2. The next priority is to show the size of the hand if there is no single or void.
(a) With a minimum (14 hcps or less) bid 4 of the major. This is the fast arrival concept and warns partner that you do not have any significant extras.
(b) With 15-17 hcps and no single or void, bid 3NT.
(c) With 18+ hcps and no single or void, bid 3 of the major.

Note you jump to game when you have a minimum hand and slow bid it when you have extra values.

One minor point. If you have a good 5+ card suit (AK10xx or AQJxxx), you ignore all the rest of the instructions and make a jump bid in that suit. So the sequence 1h/2NT/4C shows a good 5 card club suit. Literally, a source of tricks on which responder may be able to pitch losers. Some prefer that the jump bid show a void to distinguish it from a singleton, but I like it the way I have explained it. If I have a void and think it is something that partner needs to know, I will bid the suit at the 3 level and bid it again a the 4 level if I have the chance to do so.These are refinements that rarely arise and can slow you down, so don't get bogged down here.

You can see that opener is describing his hand, so responder must be the Captain of ship in these sequences. If Responder has any interest in pursuing slam, he should not bid 4 of the major, as opener will correctly pass. One way to invite slam is to go directly to Blackwood or whatever you use to ask for Key cards. Unfortunately, there are some hands where you can only pursue slam if partner holds a specific Ace. An alternative to Blackwood is to bid first round controls up the line. Look at these hands:

(Opener) AK10xxx, xx, AQxxx, Kx (16 hcps)
(Responder) Jxxx, AKxx, Kxx, Qx (13 hcps)

The bidding: 1s/2NT/4S (no single or void and 12-14 hcps). Responder has a great hand with 2 doubletons and lots of Aces and Kings. He does need to know about the Ace of hearts since if opener does not have it, he would have 2 losers off the top. The best way to invite with this hand is not Blackwood, but rather by showing the diamond Ace by bidding 5 diamonds and asking opener to further describe his hand. We have already established that spades is our fit, so this can only be a first round control showing bid, not a new suit at this level. Your plan is that if partner bids 5 hearts showing the Ace of hearts, you are going to play 6 spades and if partner doesn't have the Ace of hearts, he will bid 5 spades to play. On the above hands we get to a cold slam on 29 hcps. There is no other way to get there other than to guess.
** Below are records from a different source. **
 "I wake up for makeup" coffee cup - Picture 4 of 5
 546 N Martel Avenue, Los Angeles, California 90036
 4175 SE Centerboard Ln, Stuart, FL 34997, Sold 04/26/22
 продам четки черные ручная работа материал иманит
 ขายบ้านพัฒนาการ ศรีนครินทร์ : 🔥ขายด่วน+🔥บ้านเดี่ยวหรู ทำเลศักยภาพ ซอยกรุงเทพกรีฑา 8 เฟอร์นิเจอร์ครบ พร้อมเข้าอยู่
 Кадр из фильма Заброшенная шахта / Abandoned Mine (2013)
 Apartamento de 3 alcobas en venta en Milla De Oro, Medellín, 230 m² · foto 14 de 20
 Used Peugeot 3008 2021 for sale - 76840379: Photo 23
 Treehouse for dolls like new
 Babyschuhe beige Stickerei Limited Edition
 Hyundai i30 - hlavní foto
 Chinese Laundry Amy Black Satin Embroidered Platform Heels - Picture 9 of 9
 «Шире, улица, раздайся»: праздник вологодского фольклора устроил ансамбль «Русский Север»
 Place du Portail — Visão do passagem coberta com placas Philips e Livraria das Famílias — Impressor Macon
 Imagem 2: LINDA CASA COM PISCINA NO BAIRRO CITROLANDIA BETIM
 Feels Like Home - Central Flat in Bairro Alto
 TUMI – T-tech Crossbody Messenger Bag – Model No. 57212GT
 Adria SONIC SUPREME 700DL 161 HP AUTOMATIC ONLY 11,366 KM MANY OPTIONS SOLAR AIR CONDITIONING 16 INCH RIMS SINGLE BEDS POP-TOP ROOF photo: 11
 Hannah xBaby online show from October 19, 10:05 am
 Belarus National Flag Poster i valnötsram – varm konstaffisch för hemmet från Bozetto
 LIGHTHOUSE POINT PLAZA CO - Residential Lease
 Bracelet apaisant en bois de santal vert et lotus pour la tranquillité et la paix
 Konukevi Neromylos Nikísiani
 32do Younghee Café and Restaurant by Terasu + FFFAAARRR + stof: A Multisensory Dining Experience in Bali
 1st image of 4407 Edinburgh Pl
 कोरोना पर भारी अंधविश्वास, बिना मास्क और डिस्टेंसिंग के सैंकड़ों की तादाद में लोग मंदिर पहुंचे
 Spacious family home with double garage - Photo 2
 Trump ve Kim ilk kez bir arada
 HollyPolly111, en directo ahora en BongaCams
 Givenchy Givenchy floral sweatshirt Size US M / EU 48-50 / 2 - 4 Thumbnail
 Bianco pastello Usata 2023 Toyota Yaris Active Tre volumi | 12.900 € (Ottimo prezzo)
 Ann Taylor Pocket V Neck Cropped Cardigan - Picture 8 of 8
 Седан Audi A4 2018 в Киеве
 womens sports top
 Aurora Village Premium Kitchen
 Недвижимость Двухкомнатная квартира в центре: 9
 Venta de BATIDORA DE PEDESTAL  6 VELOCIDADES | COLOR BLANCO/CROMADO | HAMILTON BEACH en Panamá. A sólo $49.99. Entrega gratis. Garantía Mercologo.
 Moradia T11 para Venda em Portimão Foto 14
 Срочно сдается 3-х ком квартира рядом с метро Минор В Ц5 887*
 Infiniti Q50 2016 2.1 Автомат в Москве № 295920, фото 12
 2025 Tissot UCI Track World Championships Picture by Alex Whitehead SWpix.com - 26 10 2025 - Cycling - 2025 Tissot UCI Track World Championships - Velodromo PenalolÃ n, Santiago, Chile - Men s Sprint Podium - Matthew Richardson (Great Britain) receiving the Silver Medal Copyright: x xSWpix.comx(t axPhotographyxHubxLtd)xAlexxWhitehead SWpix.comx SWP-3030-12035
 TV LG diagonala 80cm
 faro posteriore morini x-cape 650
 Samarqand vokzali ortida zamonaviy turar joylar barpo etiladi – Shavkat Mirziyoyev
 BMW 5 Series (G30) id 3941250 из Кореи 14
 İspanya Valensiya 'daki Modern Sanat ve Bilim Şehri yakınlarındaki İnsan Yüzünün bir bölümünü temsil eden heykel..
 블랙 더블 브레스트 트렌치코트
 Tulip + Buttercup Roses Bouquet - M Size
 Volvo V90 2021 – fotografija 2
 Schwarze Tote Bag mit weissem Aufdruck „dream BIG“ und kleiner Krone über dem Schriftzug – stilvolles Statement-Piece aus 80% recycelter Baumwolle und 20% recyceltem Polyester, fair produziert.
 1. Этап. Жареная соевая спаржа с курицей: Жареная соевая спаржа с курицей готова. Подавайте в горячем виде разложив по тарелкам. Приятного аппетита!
Note that if partner has the Ace of Clubs and not the Ace of hearts, he has to ignore it and bid 5 spades. You cannot show a control beyond the 5 level game. If you are going to use Jacoby 2NT, it is a good thing to discuss it with partner in advance, since many players do not understand it beyond the 2NT bid, and you are better off without it if you do not know the basic concepts and continuations.